Sunday, August 07, 2005

In defense of technology

Sometimes it is great to live in the 21st century.

The last few days I've been listening to the audio commentary broadcast of the WSOP final table that Card Player magazine webcasted. The content is great - I never thought I'd so much enjoy hearing Phil Hellmuth speak, but he makes a damn good commentator-host. And they've swapped in so many other great pros so far - Daniel N, Jennifer H, Eric Lindgren, Greg Raymer, Jesus... Not to mention that it is great to hear the full hand-by-hand discussion of the full final table. You won't get this on ESPN!

I've been listening to this on my iPod on the train to work in the mornings, and today going to and from the Tokyo card club, and it is a great way to spend train time. At first it doesn't seem to be so different than listening to a taped sporting even on your walkman on the way to work, but when I think about it, it is really a great time to be able to do this.

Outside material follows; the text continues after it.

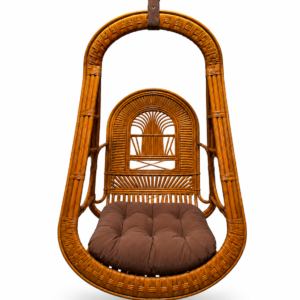 Handcrafted Bamboo Cane Swing Chair for Adults | Wooden Hanging Jhoola for Balcony, Living Room, Garden & Outdoor | Rattan Chair with Cushion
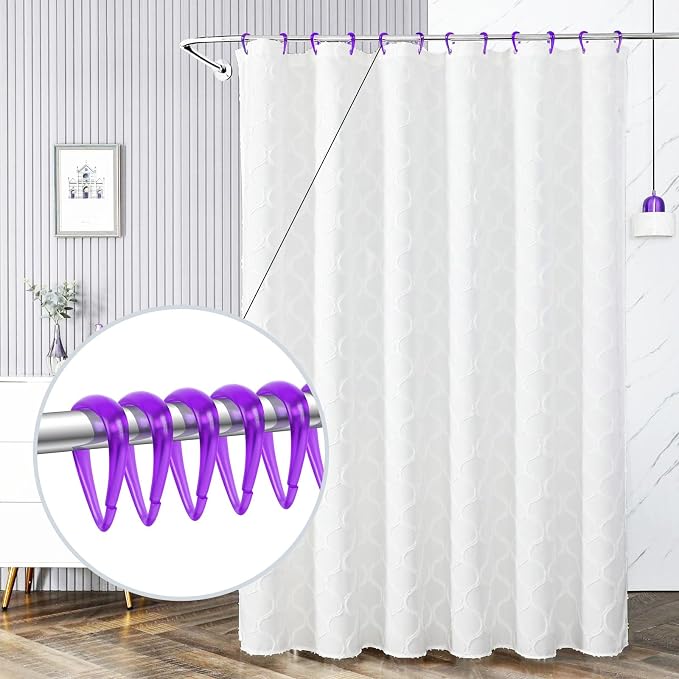 Top-spring Purple Shower Curtain Hooks 12Pcs Drop Shaped Hooks - Image 7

1. This type of content would never be broadcast on the radio. Poker is pretty big now, but would they really take up 14 hours of radio airtime to broadcast a full commentary on the main event final table? Radio can't/won't do that, but webcasting will.

2. Even if it were radio broadcast, I'd need to be in range of the broadcasting station to get to hear it. I don't live in Las Vegas, I live in Tokyo! But I'm still able to listen to this show because it's broadcast on a worldwide data network.

3. Even if I could get the radio show, it would be a pain to save the show to listen to it later. Who makes 14-hour audio tapes? And even if they did, wouldn't the audio suck? To tape this show, you'd need to swap tapes every few hours.

4. Playback would be a pain. Would you carry around 14 one-hour audio tapes to listen to this whole beast? With my ipod, I can fit this stuff on there no problem, and still have plenty of room for other stuff.

5. What if you missed the broadcast? Maybe you got the time and date wrong, or you're working or whatever and can't hang by the radio to tape this stuff. But even after the fact, you can find the audio on file-sharing networks and download it to catch up. Brilliant.